The GBR Project. Ch.5 The Trial Run

 

The Trial Run

I purchased an electric bike during lockdown and on the trial trip I couldn’t believe how pleasant it made cycling once again. No hill was a problem and I could buzz around, up and down, and around Bath without ‘pushing’ or breaking out into a sweat. Sadly this bike was stolen 4 days later. Clinging to some Buddhist mantras around the impermanence of material things and claiming on my insurance policy meant I was able to buy another. I now needed to conduct a test as I had no real idea in reality how far the bike would take me before its superpower was depleted. I also wouldn’t know what 40 miles would feel like or how long it would take. My research around the 18th century route suggested that the preferred way into and out of Bath using the Great Bath Road had been via Kingsdown, Chapel Plaister, Neston and Gastard so I set off on a trial run.

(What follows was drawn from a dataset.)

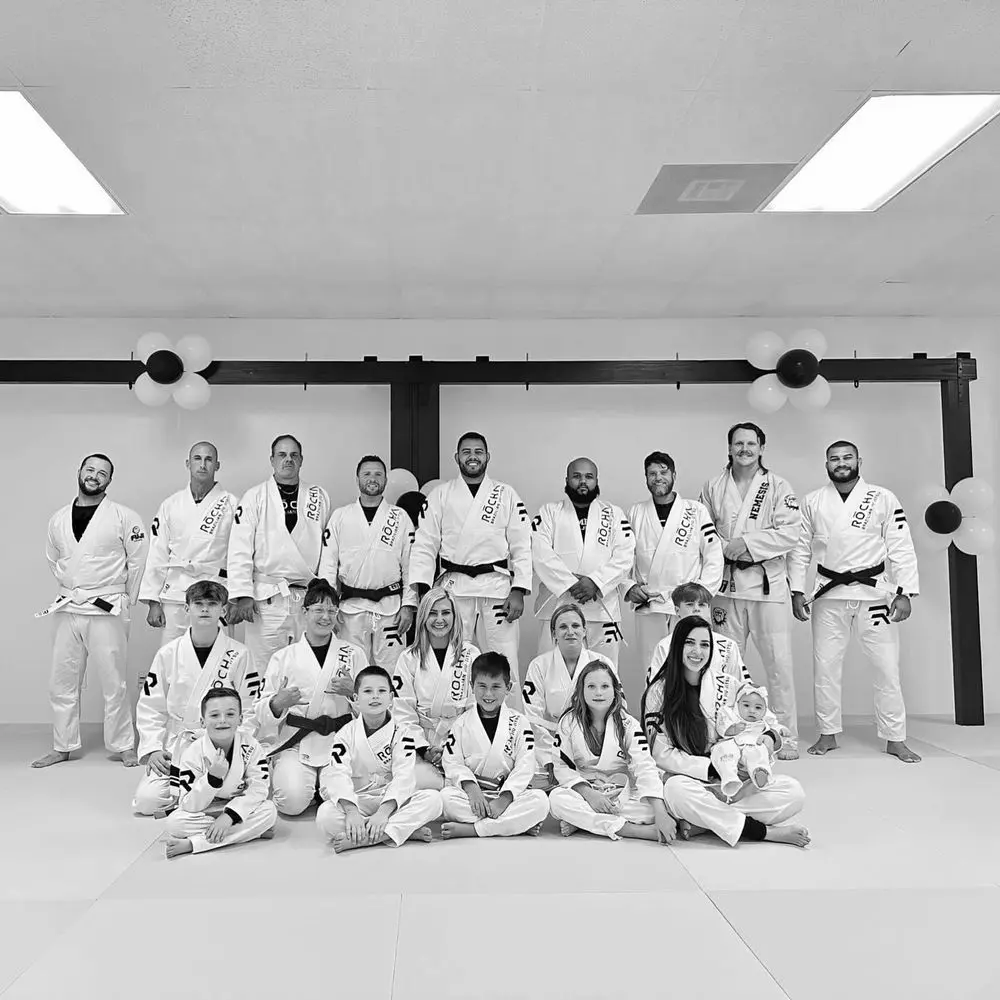 Best BJJ Gyms in Little Rock Arkansas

Fun Times in the Jockey Inn

Initially I could have taken the more historic A4 to Batheaston and then Kingsdown but as I had decided I would take the scenic and safest route to each of my most important destinations I went to Batheaston by the A36 and the canal path. Once I had turned left off the road to Bradford on Avon (at the Crown) I began to climb Kingsdown. It was on this stretch of road that queen Anne very nearly came a cropper. The story goes that Anne was in ‘considerable danger’ and the coachmen had to use their muscle power to prevent the coach sliding back down the hill. I’m sure the whole story was probably exaggerated but as I pedalled uphill this story connected me to the past and I literally could imagine that somewhere on this actual road 300 years ago the liveried servants saved our monach’s life. As Kingsdown flattened out by the gold course at the end of this straight road I found my first toll house. There it was standing in the middle of nowhere as if by magic and as a confirmation that this trip would directly bring the history I’d read about alive. (see photo of the tollhouse in previous chapter) I really could hardly believe it. Here was a standing monument, a living vestige of our past. It was still occupied and now called Turnpike cottage. I nosily peered inside the window and to my delight saw it had not changed. The seat where the pikeman sat as he looked through the 3 windows was still there! One window faced west for a view of the coaches travelling from Bath. One faced east to survey the eastern road from London. The central window was probably where the tolls were collected and no doubt the hard working fellow faced the customer as they declared their number of passengers. There was a sliding scale of fees. More was charged for certain types of vehicles, width of wheels, number of personages etc. Mail coaches were free and on hearing the bugle as the coach approached meant the gate had to be opened so there was no delay. This small inconspicuous building made sense of my project as it had become a living history tour. A little further down the road I was in for another historical surprise. There stood on a sharp corner a beautiful Georgian building. In its day it used to be a famous coaching inn called the Jockey.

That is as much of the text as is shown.